■ TRY IT:
From the line with "Blooming pink roses Acrylic print" to the line with "Upper canopy of", output every line below exactly, both ends included. Skip the pictures.

■ WORKING DATA:
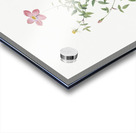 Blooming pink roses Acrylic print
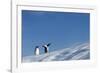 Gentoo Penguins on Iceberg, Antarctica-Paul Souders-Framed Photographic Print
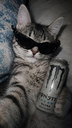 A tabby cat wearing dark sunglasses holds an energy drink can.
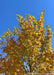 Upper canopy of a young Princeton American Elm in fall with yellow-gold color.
* * *
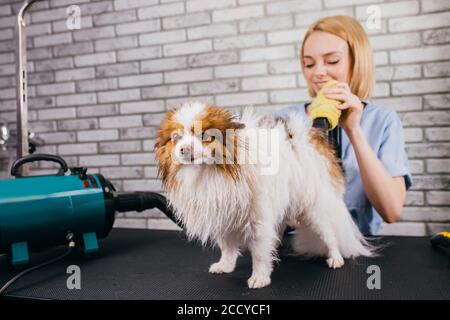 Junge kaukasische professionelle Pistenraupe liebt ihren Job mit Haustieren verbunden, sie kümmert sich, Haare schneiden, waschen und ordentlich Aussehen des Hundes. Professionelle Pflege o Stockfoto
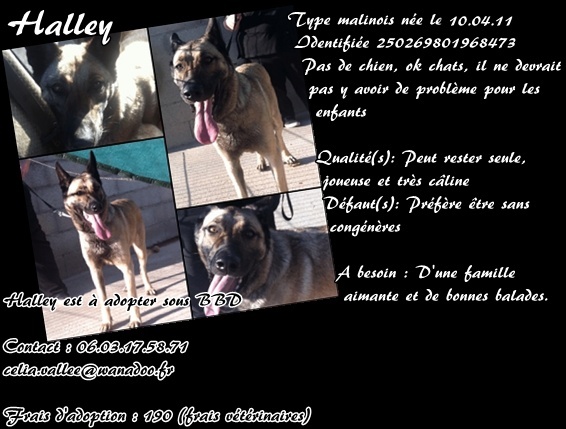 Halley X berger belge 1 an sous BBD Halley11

■ SOLUTION:
 Blooming pink roses Acrylic print
 Gentoo Penguins on Iceberg, Antarctica-Paul Souders-Framed Photographic Print
 A tabby cat wearing dark sunglasses holds an energy drink can.
 Upper canopy of a young Princeton American Elm in fall with yellow-gold color.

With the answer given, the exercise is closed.